着流し教務日誌
■2月8日前日
大分県の別府へ入る。立命館アジア太平洋大学(APU)での消費者行動論も今年で五回目である。通期で五週間分の逗留となる。
今年の宿は海岸沿いのホテルで、屋上に露天風呂のある、温泉とビジネス・ホテルを強引に合体させたハイ・ブリッドな宿泊施設だ。形式は問うまい。なぜなら、この温泉こそが一週間集中授業へのモチベーションという、温泉動力で起動するエコ体質なのである。

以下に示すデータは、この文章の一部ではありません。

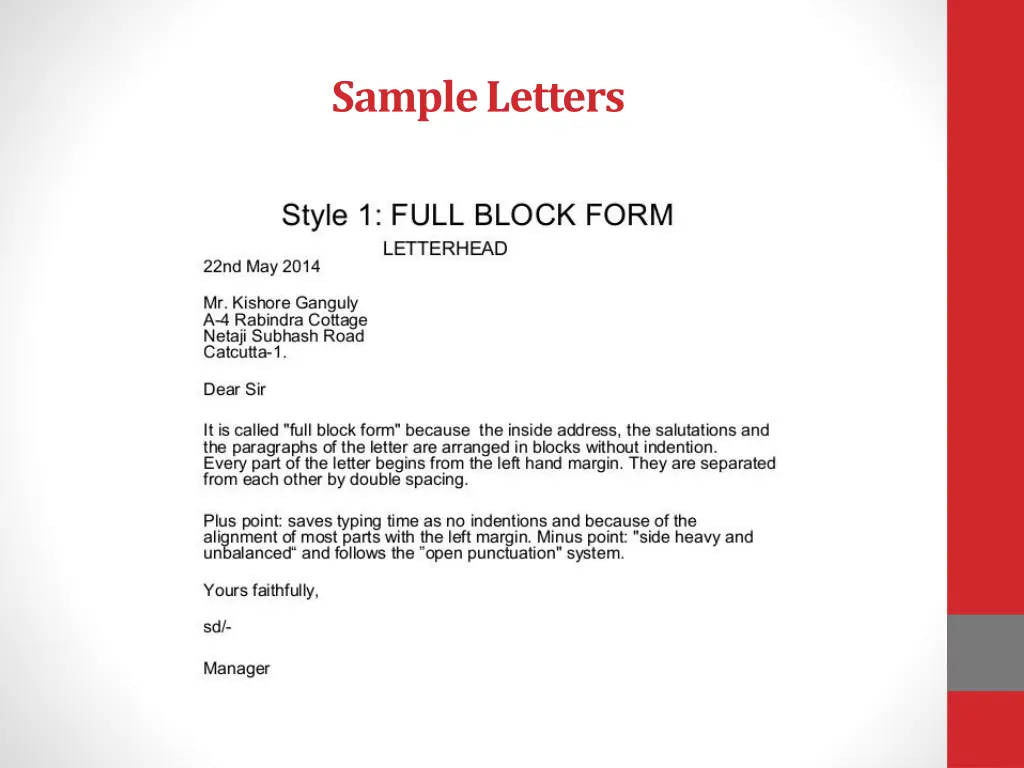 sample letters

しかし、別府温泉エリアは汲み上げのし過ぎでお湯枯渇の兆候もあるらしい。ガス欠の日も来るのだろうか。こちらも、1週間オフィス業務を停止するので、この反動がキツイ。温泉のない東京でガソリン不足が懸念されるということはお互い様か。
■2月9日講義初日
朝の露天風呂を一日の始まりとする。
日差しが暖かく、関東人の持つ九州イメージに近い。まあ、去年が寒すぎだった。久々のキャンパスは空気も良く、さわやかで一日目にふさわしい。
今回の履修者人数88名だが、実質20%減の経験則に従うように70名でスタートする。
いきなりグループワーク、そして引き続きグループワーク、〆はグループワーク、結局全てグループワークという進行である。まあ、例年そうなのだ。慣れてもらうまでに時間がかかるようだが、座学なんぞをする気は微塵もない。
グループは誕生日、学籍番号、血液型などあらゆる記号でメンバーをシャッフルし、初対面での討議を促進させる。男女半々の履修ということは、バレンタイン・ウイークにもふさわしかろう。
■2月10日講義二日目
消費者行動モデルの分解とモデル別の特徴を解説するのが主なテーマとなる。世間ではAIDMA,AISAS,AIDEESなど百花繚乱の趣がある。平たく言えば、散らかっている訳であるが、本質をつかめばどんなバリエーションもさっとさばけるようになるだろう。昨今の知識過剰状況で重要なのは知識圧縮力だ。片付け上手を目指して欲しい。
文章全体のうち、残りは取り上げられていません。